Unfortunately, the current ufunc inner loop function signature makes
it very difficult to provide this information. We might be able to
wedge it in there, but it'd be ugly.
The other option would be to change the signature. What would happen
if we did this? For most common uses of the C API/ABI, we could do
this easily while maintaining backwards compatibility. But there are
also some rarely-used parts of the API/ABI that would be
prohibitively difficult to preserve.
In addition, there are other potential changes to ufuncs on the
horizon (e.g. extensions of gufuncs to allow them to be used more
generally), and the current API exposure is so massive that any such
changes will be difficult to make in a fully compatible way. This NEP
thus considers the possibility of closing down the ufunc API to a
minimal, maintainable subset of the current API.
To better understand the consequences of this potential change, I
performed an exhaustive analysis of all the code on Github, Bitbucket,
and Fedora, among others.

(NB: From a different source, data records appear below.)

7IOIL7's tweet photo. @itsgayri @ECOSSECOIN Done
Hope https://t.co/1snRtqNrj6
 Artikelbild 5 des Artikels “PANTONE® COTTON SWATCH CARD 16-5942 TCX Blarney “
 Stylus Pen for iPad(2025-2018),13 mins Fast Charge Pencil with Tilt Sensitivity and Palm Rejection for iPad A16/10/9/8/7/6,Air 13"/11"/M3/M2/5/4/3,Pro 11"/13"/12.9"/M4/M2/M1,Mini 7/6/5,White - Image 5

The results make me highly confident that of
all the publically available projects in the world, the only ones
which touch the problematic parts of the ufunc API are: Numba,
dynd-python, and `gulinalg <https://github.com/ContinuumIO/gulinalg>`_
(with the latter's exposure being trivial).
Given this, I propose that for 1.11 we:
1) go ahead and hide/disable the problematic parts of the ABI/API,
2) coordinate with the known affected projects to minimize disruption
to their users (which is made easier since they are all projects that
are almost exclusively distributed via conda, which enforces strict
NumPy ABI versioning),
3) publicize these changes widely so as to give any private code that
might be affected a chance to speak up or adapt, and
4) leave the "ABI version tag" as it is, so as not to force rebuilds
of the vast majority of projects that will be unaffected by these
changes.
This NEP defers the question of exactly what the improved API should
be, since there's no point in trying to nail down the details until
we've decided whether it's even possible to change.
Details
=======
The problem
-----------
Currently, a ufunc inner loop implementation is called via the
following function prototype::
typedef void (*PyUFuncGenericFunction)
(char **args,
npy_intp *dimensions,
npy_intp *strides,
void *innerloopdata);
Here ``args`` is an array of pointers to 1-d buffers of input/output
data, ``dimensions`` is a pointer to the number of entries in these
buffers, ``strides`` is an array of integers giving the strides for
each input/output array, and ``innerloopdata`` is an arbitrary void*
supplied by whoever registered the ufunc loop. (For gufuncs, extra
shape and stride information about the core dimensions also gets
packed into the ends of these arrays in a somewhat complicated way.)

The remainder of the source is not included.